Une technique pas encore aboutie

En dépit des nombreux avantages du concept (lire en encadré), la technique utilisée doit encore être perfectionnée. « La précision de guidage par GPS-RTK, annoncée à 3 cm, n'est pas au rendez-vous, déplore l'ingénieur. On est plutôt à 7 cm d'où un risque majeur de ne pas semer au bon endroit ou encore d'endommager la culture de rente lors des broyages. » Le centrage des éléments semeurs et des tondeuses inter-rangs doit également être amélioré. « Pour centrer et bloquer les outils plus facilement, nos équipes ont installé un vérin hydraulique, de fabrication maison, avec un clapet antiretour, à la place d'un stabilisateur mécanique. »

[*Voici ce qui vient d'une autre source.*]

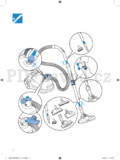 Philips FC8721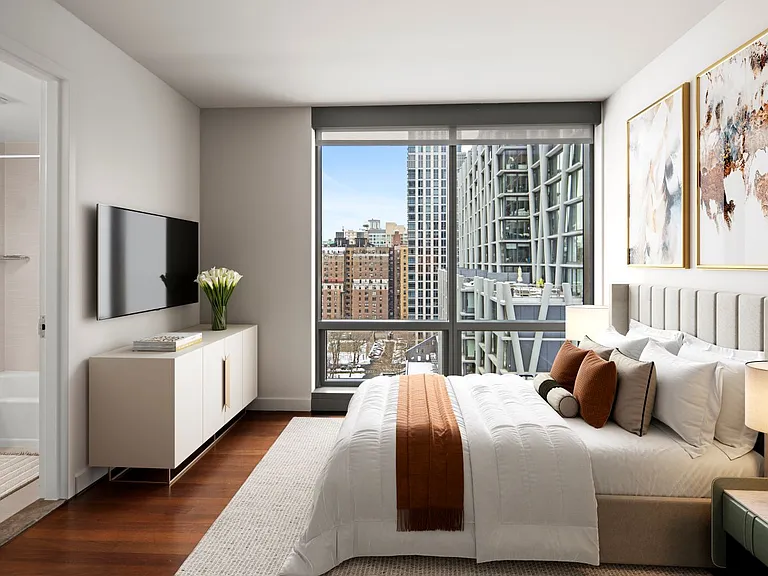 200 W 67th St #7K — Photo 5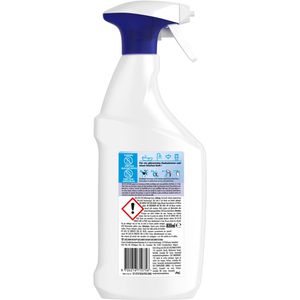 Produktbild für Badreiniger Antikal Fresh, Kalkreiniger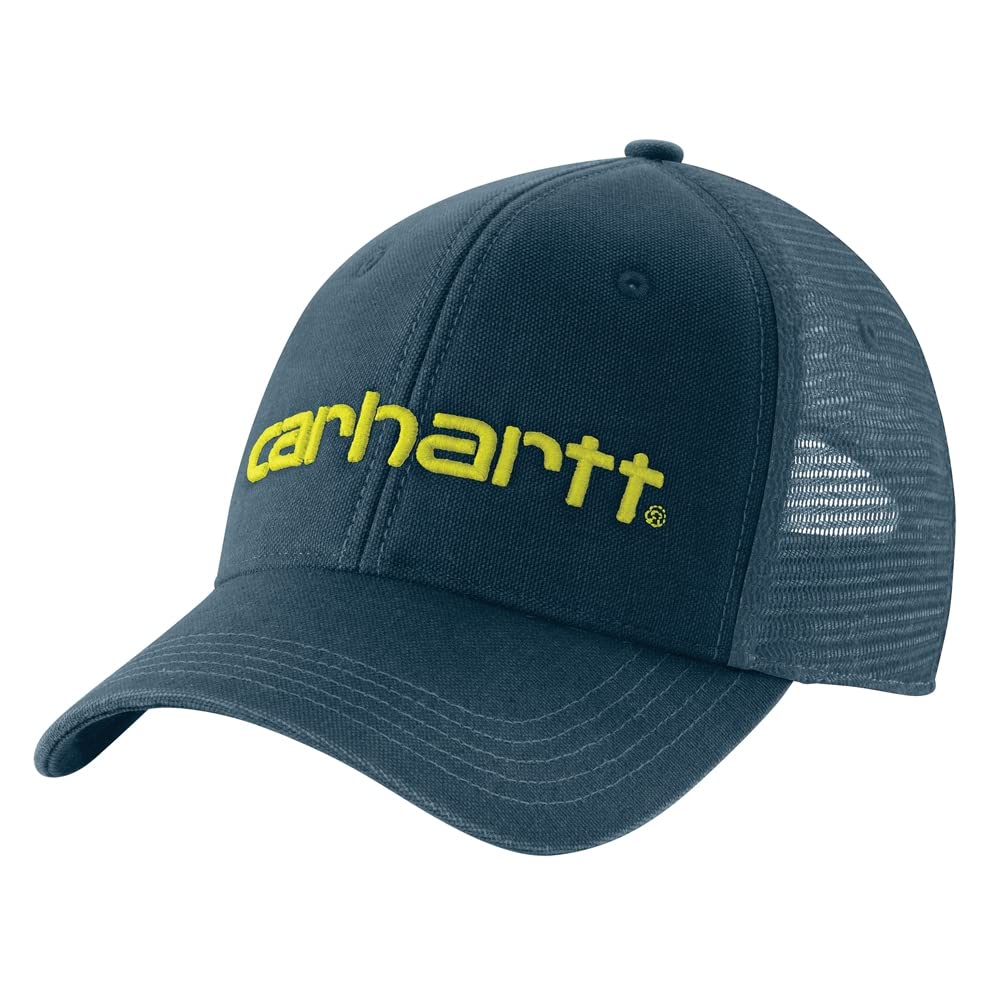 Carhartt Men's 101195 Dunmore Ball Cap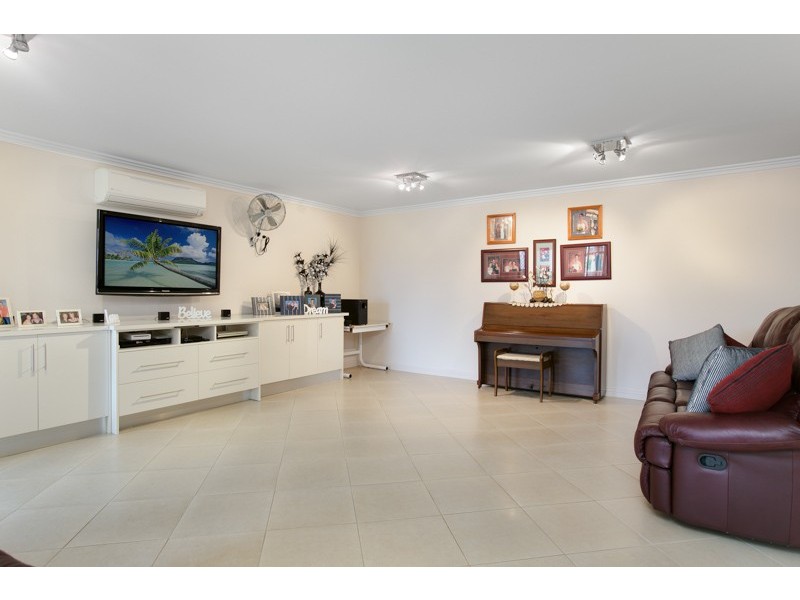 Mount Sheridan QLD 4868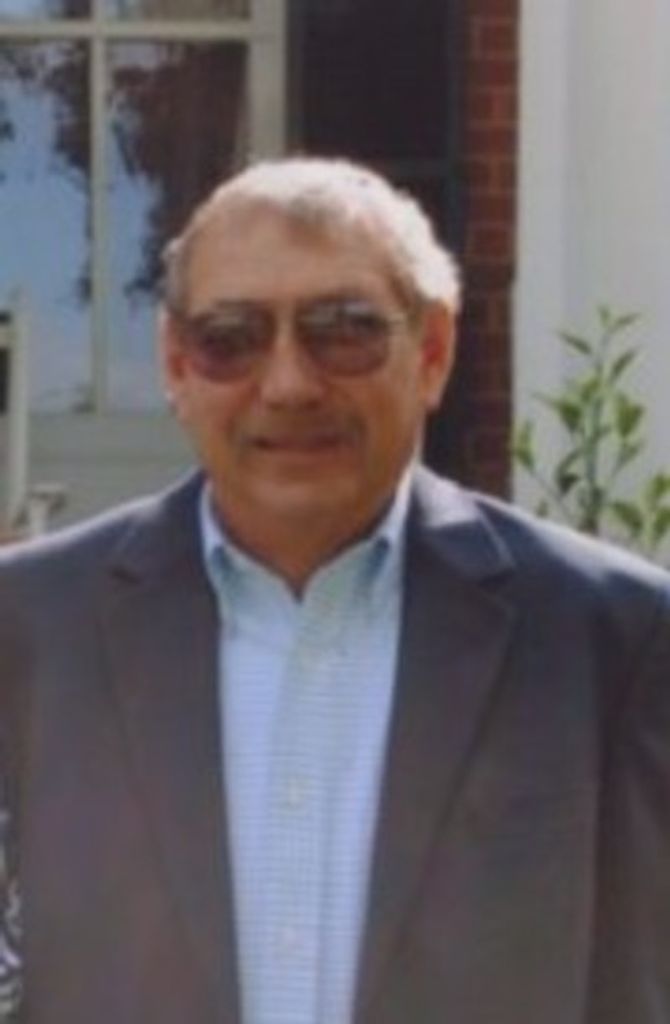James Madison Reynolds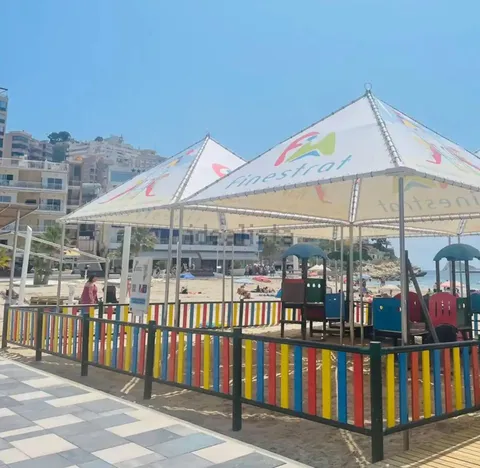 Pis de 45 m² a Finestrat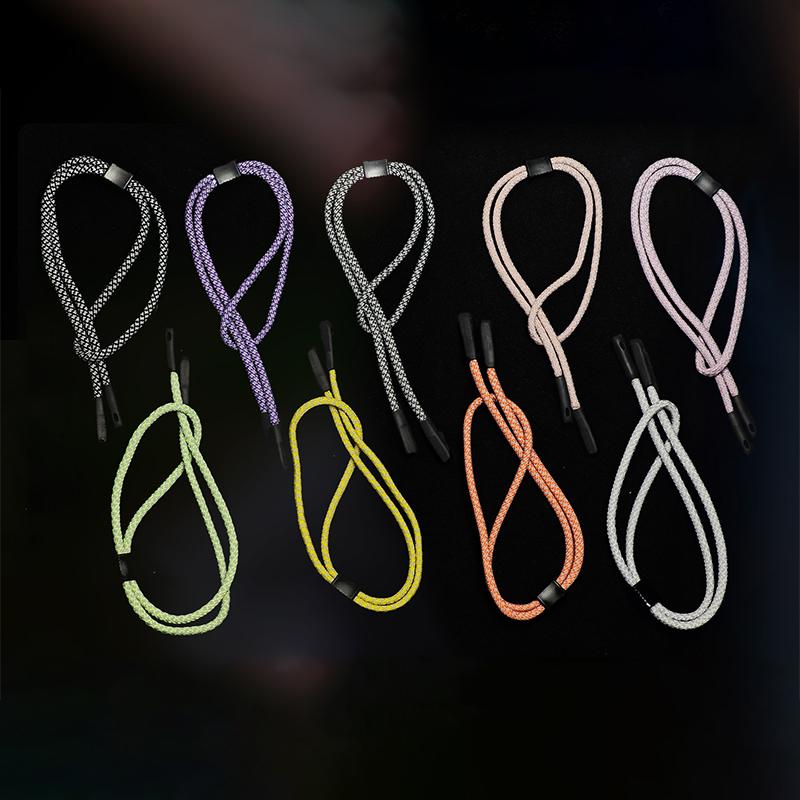 Eyeglasses Chain Non-Slip Sung - Sunglass Retainer Cord ulasan dan harga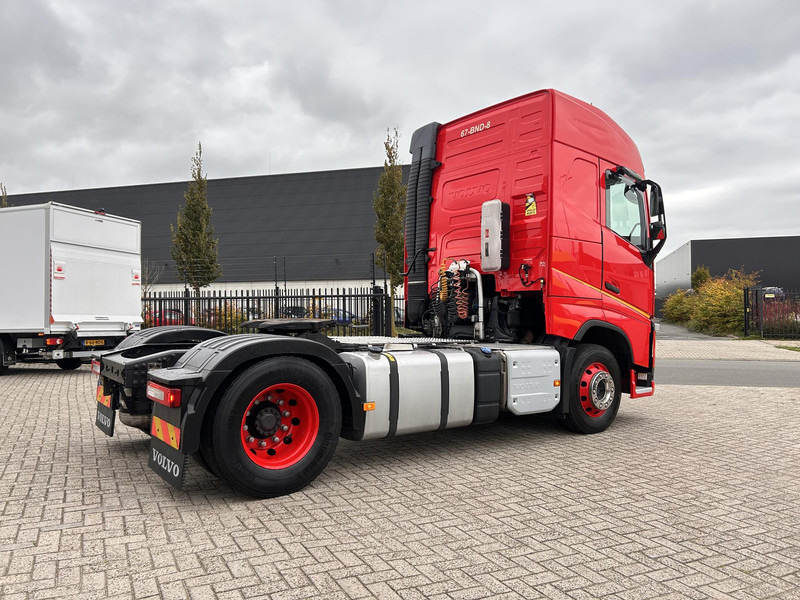 Volvo FH - وحدة جر: صورة 2 Volvo FH - وحدة جر: صورة 2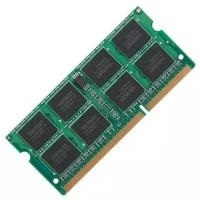SO-DIMM 2GB/1333 DDR3 Transcend (TS256MSK64V3U) | ARAGO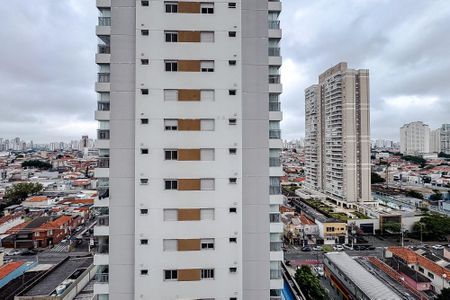 Apartamento para alugar com 90m², 3 quartos e 1 vaga Apartamento para alugar com 90m², 3 quartos e 1 vagaVista do Quarto 2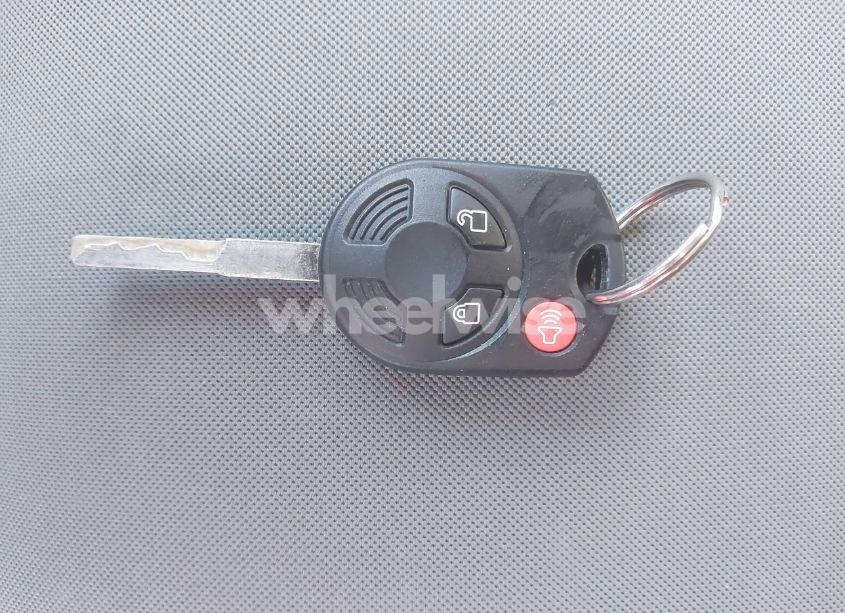 Photo 11 of 2015 Ford Escape SE (VIN 1FMCU9G94FUB03431)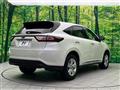 2018 Toyota Harrier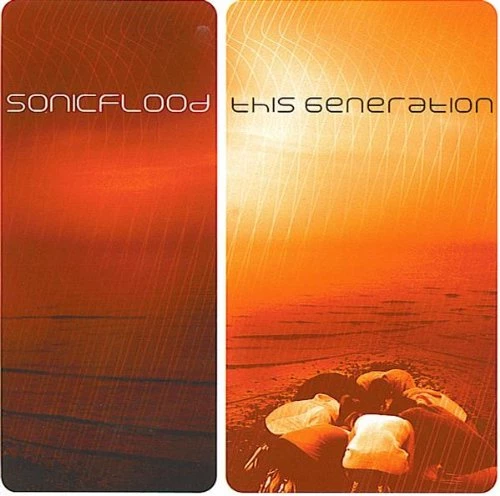 Sonicflood - This Generation CD (2005) Audio Quality Guaranteed Amazing Value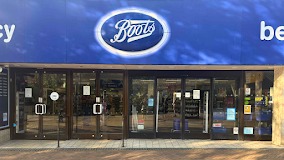 Boots Opticians Shopping | Store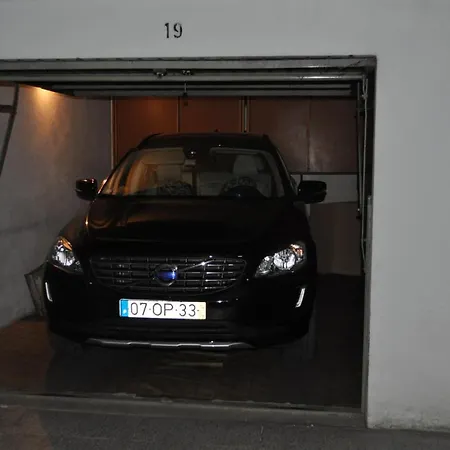 Casa Da Poesia 公寓 波尔蒂芒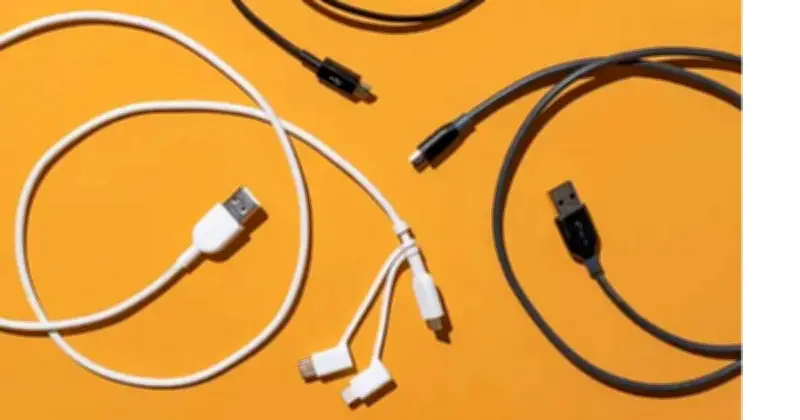 চার্জিং কেবলের আয়ু বাড়ানোর সহজ উপায়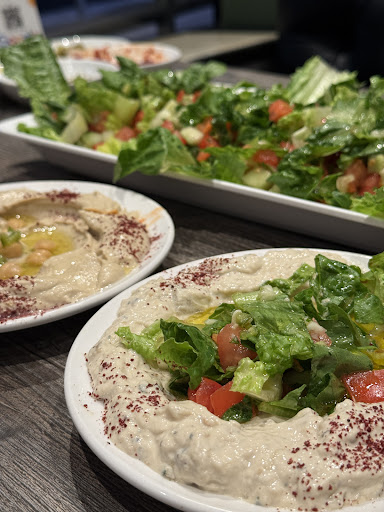 Photo of Olive Tree by Chef Yousef - 11508 N 56th St, Tampa, FL 33617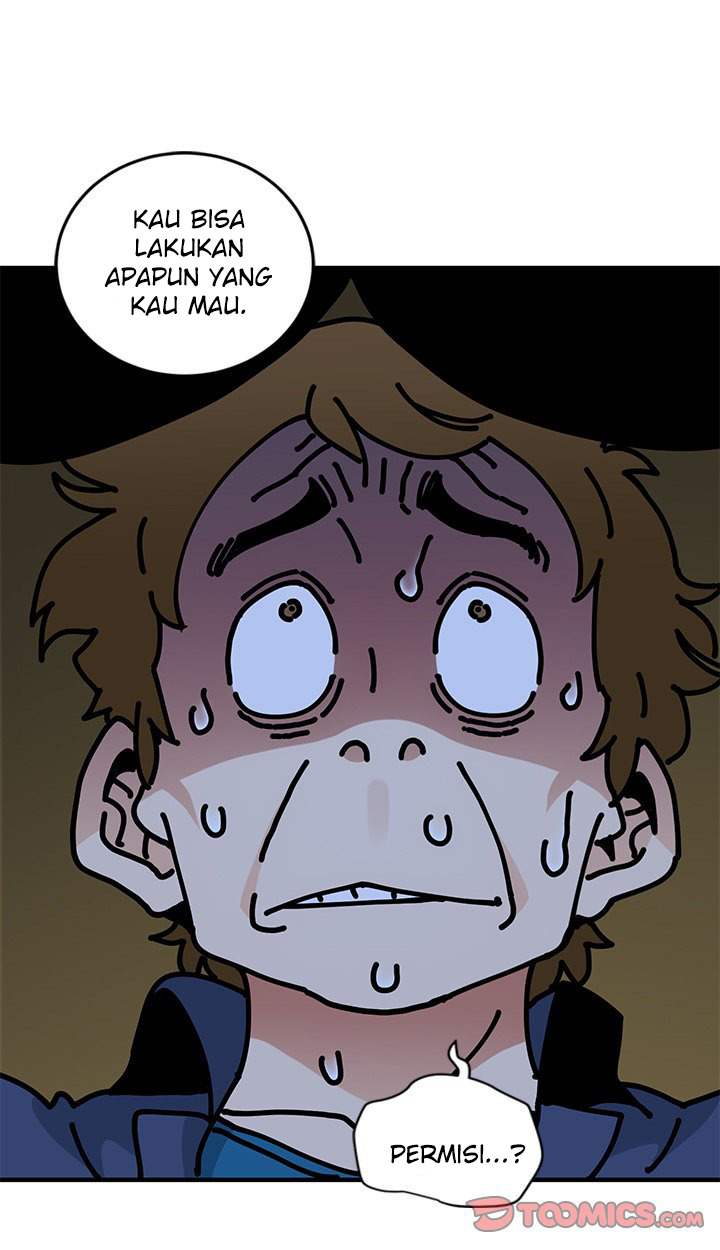 Love Factory: Chapter chapter-5 - Page 9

Peu adapté à la diversification des assolements

De facto, le concept limite le choix cultural aux céréales à paille essentiellement. Les cultures d'été comme le maïs, soja ou tournesol restent difficilement envisageables, en raison de la concurrence exercée par la luzerne mais aussi le mode d'implantation : il n'y a pas d'éléments semeurs mono-graine sur le porte-outils. De plus, le coût de l'achat de ce dernier ­- 120 000 euros avec éléments semeurs, tondeuses inter-rang et trémie frontale -­, sans oublier l'installation du guidage du tracteur par GPS-RTK, restent des freins majeurs. Il semble difficile de compenser le coût de l'amortissement de ces équipements par les économies de carburant et d'intrants induites. Ce, même si l'effet fertilisant de la biomasse de luzerne restituée par les broyages peut remplacer les achats d'engrais organiques.

Manque de variétés adaptées

Enfin, cultiver deux espèces partageant le même espace n'est pas sans poser de questions. « Les variétés de luzerne utilisées ont été sélectionnées dans une approche fourragère et non comme plante de service », regrette Régis Hélias. Une thèse est en cours de réalisation à l'Inrae de Lusignan afin d'identifier les variétés de luzerne aptes à supporter la concurrence et l'ombrage par une autre espèce. « Il faudrait aussi disposer de variétés de luzerne à port érigé, car cela facilite le broyage des inter-rangs. » La question se pose également pour les céréales, dont les variétés disponibles sont peu adaptées au concept. Pour l'heure, même si ce dispositif ne peut pas être préconisé en l'état aux agriculteurs -­ de l'aveu même de Régis Hélias -­, il reste prometteur et fait des émules.

Beaucoup d’émulation

L’ingénieur d’Arvalis a fédéré un petit réseau d’agriculteurs bio passionnés comme lui qui testent le concept sur leurs fermes et échangent des informations sur un groupe WhatsApp. De plus, outre sur le site de Salvagnac, Graal est mis en œuvre sur quatre stations expérimentales d’Arvalis situées dans l’Essonne, le Rhône, la Meuse et la Charente-Maritime, dans le cadre d’un projet Casdar qui court de 2021 à 2025. Nul doute que l’esprit d’émulation autour du projet produira bientôt des résultats probants.

Jean-Martial Poupeau

(1) Les moteurs des tondeuses sont alimentés par une génératrice électrique placée à l’avant du tracteur.